Content warning: This section includes content about residential schools. It may contain language, images, or content you may find disturbing; the subject matter is highly sensitive and can be triggering to individuals who have experienced trauma. If you or someone you know needs support, please reach out to the Indian Residential School Survivor Society.
At BCcampus we are grateful and honoured to work on the traditional, unceded, and occupied territories of the səl̓ilwətaɁɬ təməxʷ (Tsleil-Waututh), Skwxwú7meshulh Temíx̱w (Squamish), xʷməθkʷəy̓əm (Musqueam), and W̱SÁNEĆ (Saanich) Peoples and the Esquimalt and Songhees Nations of the lək̓ʷəŋən (Lekwungen) Peoples. Through our work, we are grateful to build relationships with people from across B.C. and are thankful to all the Indigenous educators who have generously worked with us and provided us with teachings. We would like to acknowledge survivors of the residential school system and their loved ones as well as the communities where the unmarked graves of children have been discovered. Our hearts are with the survivors, family members, and communities as we mourn the loss of their children and stolen generations. We are dedicated to supporting reconciliation and decolonization as we advocate for systemic change in the post-secondary environment of B.C. We are here to support individuals who are beginning a journey of unlearning and learning as well as those who have already been engaged in the work of decolonizing their own minds and our post-secondary system.
The following is an op-ed article written collaboratively by a small team at BCcampus. The majority of us are non-Indigenous and recognize we still have much to learn; our opinions and understandings may change as we continue to learn and grow. We acknowledge we are writing from a position of privilege and power and that we do not speak for BCcampus as a whole.
In our efforts to create a more inclusive environment in our organization, this year BCcampus created an internal multicultural calendar that features a wide range of holidays, celebrations, and observations to help us honour the people we work with. Internally, this means we have been building our awareness and understanding of cultural holidays and months of awareness that some of us did not know much about before. Externally, we have been recognizing many of these cultural holidays and awareness months with statements, social graphics, and even a blog post or two.

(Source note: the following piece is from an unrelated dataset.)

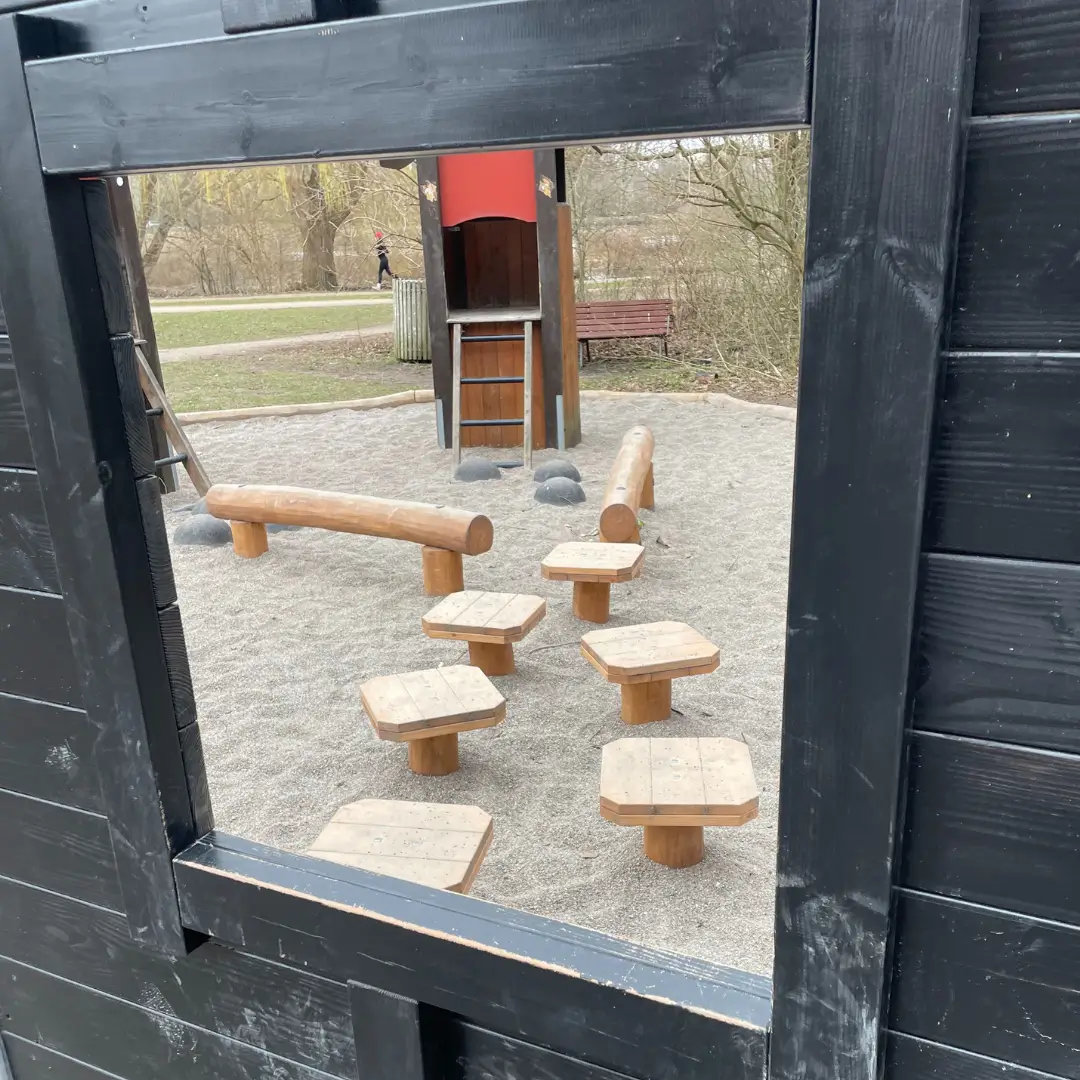 vigen-legeplads-eksempel-paa-naturlegeplads-monteret-levering-af-copla-legepladser-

The horrific details of the recent discoveries of mass and unmarked graves at residential schools in the nations of the Tk’emlúps te Secwépemc (Kamloops, B.C.), Sioux Valley Dakota (Brandon, Manitoba), Muskowekwan (Lestock, Saskatchewan), Cowessess (Cowessess, Saskatchewan) and Ktunaxa Nation (Cranbrook, B.C.) has made many of us reconsider recognizing Canada Day. Between 1831 and 1996, 139 residential schools (as recognized by the Indian Residential School Settlement Agreement) were operated by the Canadian government in partnership with the Catholic, Anglican, Presbyterian, and Methodist churches. With more investigations of these sites, the number of graves will only continue to grow in the days and weeks to come.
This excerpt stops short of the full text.